The low spatial resolution of the MODIS NDVI imagery (250 m) was not sufficient to properly characterize the study olive orchard and to identify its main components, olive trees and grasses. Thus, specific integration methods were applied and tested to obtain annual NDVI datasets with the needed spatial and temporal details. First, all collected MODIS images were pre-processed as described in [41] and 16-day NDVI values were extracted from the pixel corresponding to the study olive orchard. Next, the same orchard was identified in the five available Landsat OLI images. The OLI NDVI values of the corresponding pixel were used to linearly recalibrate the 16-day MODIS NDVI values for the whole growing season. As a third trial, the spatially variable endmember identification method proposed by [42] was applied to extract separate NDVI values of olive trees and grasses. This method estimates different NDVI endmembers for each low-resolution image pixel based on a higher spatial resolution map and was currently applied as described in [43]. In this way 16-day NDVI endmembers of olive trees and grasses were predicted, whose average was adjusted to the five OLI NDVI values as done previously.

All mentioned 16-day profiles were temporally interpolated on a daily basis, filtered by a 11-day moving average and converted into corresponding daily FVC values by applying the linear equation proposed by [44], with NDVI_min = 0.15 and NDVI_max = 0.9 [22]. The estimation of olive tree transpiration through Equation (1) was first driven by the original MODIS NDVI values (MODIS_Orig) and the MODIS NDVI values recalibrated on the OLI imagery (MODIS + OLI). In both these cases, a Kc_Veg equal to 1 was utilized, which is intermediate between those of trees and grasses. Next, the same estimation was carried out separately for olive trees and grasses using the respective recalibrated NDVI endmembers (MODIS_EM1+OLI and MODIS_EM2+OLI, respectively) and relevant maximum Kc (i.e., 0.7 and 1.2).

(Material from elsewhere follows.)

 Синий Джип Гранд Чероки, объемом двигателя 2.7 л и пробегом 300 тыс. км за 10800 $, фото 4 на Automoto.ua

Olive tree transpiration was simulated also by the use of a widely known bio-geochemical model, BIOME-BGC [45]. This model, which simulates all main processes of terrestrial ecosystems based on site descriptors of vegetation and soil and daily meteorological data, was tuned for olive groves in Tuscany by [43]. The tuned model version was applied using the available meteorological and ancillary data to simulate daily olive tree transpiration for 2013.

The transpiration estimates obtained using the NDVI-Cws method driven by different NDVI values (MODIS_Orig, MODIS+OLI and MODIS_EM1+OLI) and BIOME-BGC were assessed versus the available sap flow measurements. In all cases the accuracy of the estimates was summarized using common statistics, i.e., the correlation coefficient (r), the root mean square error (RMSE) and the mean absolute error (MBE).

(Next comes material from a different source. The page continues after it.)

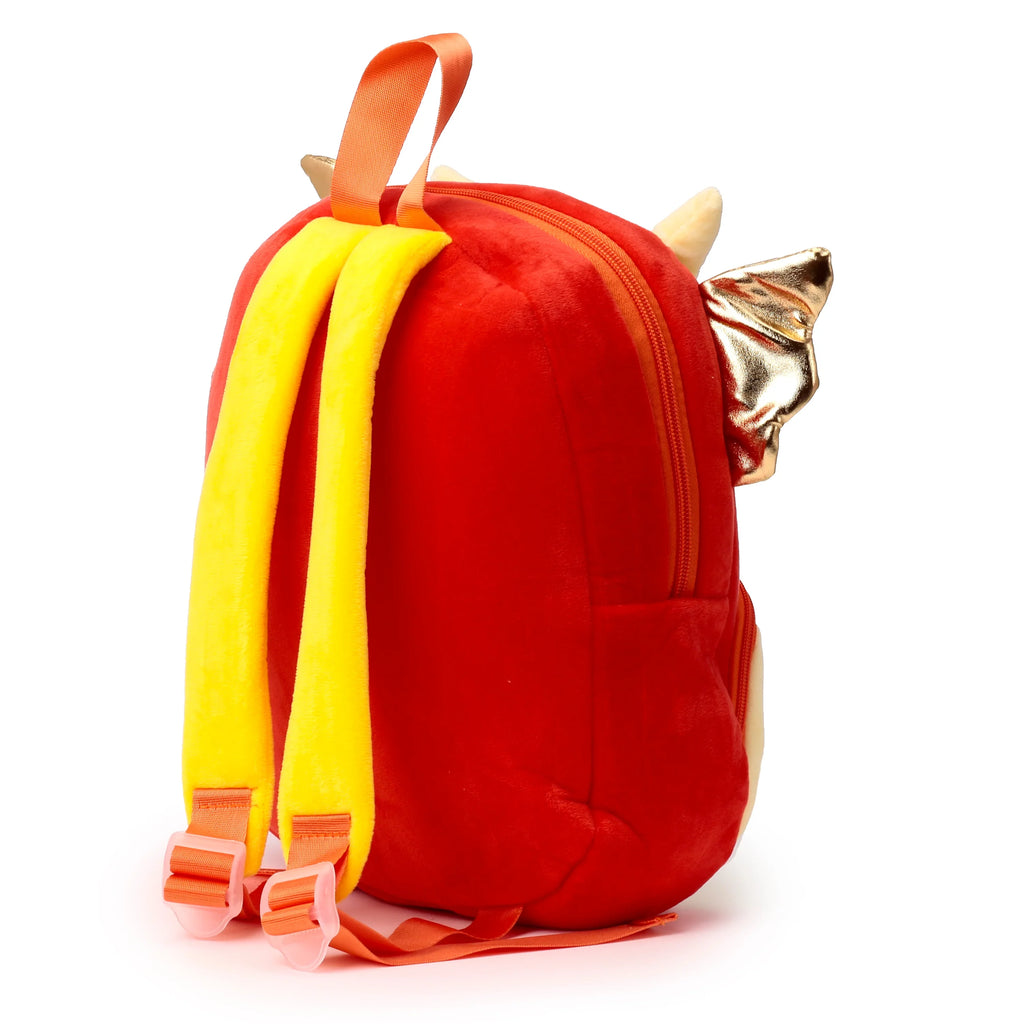 Side view of a red plush kids school dragon backpack with yellow shoulder straps, an orange top handle, and golden wings.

2.3.3. Estimation and Assessment of Site SWC

The total olive grove ET_A was predicted by summing the Tr_A and corresponding Ev_A estimates obtained by Equations (1) and (2) using the described NDVI datasets (i.e., MODIS_Orig, MODIS+OLI and MODIS_EM+OLI). Estimated ET_A was then used to drive a simplified simulation of site water balance through the following formula [46]:

V_i = V_i−1 + Prec_i − ET_Ai − DP_i

(3)

where V_t = volumetric soil water content, ranging from the soil surface to the depth explored by plant roots; Prec_t = precipitation; ET_At = actual evapotranspiration; DP_t = deep percolation or runoff, assumed to equal the outflow occurring when water exceeds the maximum soil water holding capacity; all referred to day i.

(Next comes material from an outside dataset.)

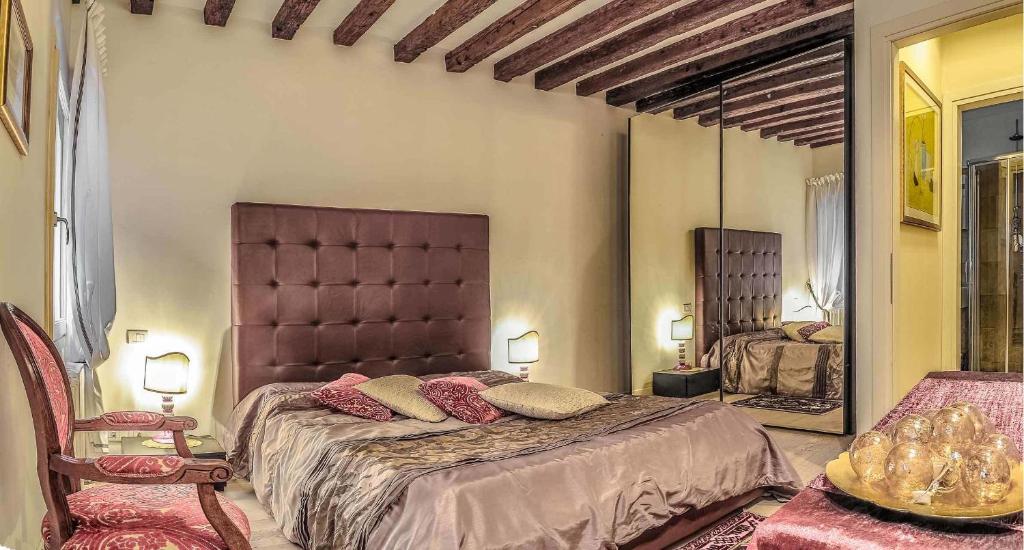 una camera con un grande letto e uno specchio di Venice Dream House a Venezia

The maximum soil water holding capacity was determined considering a soil depth equal to the olive tree rooting depth (1 m) and a field capacity derived from the available soil map (330 cm³·cm⁻³). The daily V_t estimates obtained were converted into fractional SWC (dimensionless) by division for this maximum soil water holding capacity. The final SWC estimates were assessed through comparison with the daily SWC obtained by aggregating the hourly measurements; these comparisons were summarized using the same accuracy statistics as above.

3. Results

3.1. Estimation of Olive Tree Transpiration

The daily precipitation and ET₀ values obtained from interpolated data are shown in Figure 3. Rainfall almost stops from the end of May till the end of September, while the highest ET₀ is reached in summer. This creates a critical water deficit period from June to September, in coincidence with the Mediterranean dry season. This pattern is clearly visible from the evolution of the Cws water stress factor, which was computed accumulating rainfall and ET₀ over a period intermediate between those of trees and grasses (45 days). Cws is close to 1 in winter and early spring, when there is no water stress. Next, there is a first Cws drop followed by a partial recovery due to May rainfalls. The water stress factor then drops close to the minimum (0.5) from early July to early October, when heavy fall rainfalls occur. A similar evolution characterizes the water stress factor used to estimate Ev, (AW), which, however, ranges from 0 to 1.

The multitemporal NDVI profiles of Figure 4 show the effects of this seasonal meteorology on the vegetation activity of the olive orchard. The original MODIS NDVI time series shows a reduction of green leaf biomass and vegetation activity in late spring-summer, followed by a recovery in autumn. The summer minimum is amplified by the five OLI images, which have higher early-spring and autumn NDVI values. Similar trends are evident in the NDVI endmembers of olive trees and grasses, but with different intensities; olive trees, in fact, exhibit NDVI values higher than grasses during the whole year and are less affected by summer water stress.

The daily Tr_A estimates obtained using the three NDVI data series are shown in Figure 5. The estimates from the original MODIS data show a clear early-spring peak, which is followed by a decrease and a subsequent recovery due to the precipitation fallen in May (Figure 3). During summer there is a clear Tr_A decrease, followed by a fall recovery after the typical rainy events. The same evolution is shown when using the MODIS+OLI data series, but in this case, the peak Tr_A values are higher than those obtained previously (i.e., 3.6 mm·day⁻¹ versus 2.9 mm·day⁻¹).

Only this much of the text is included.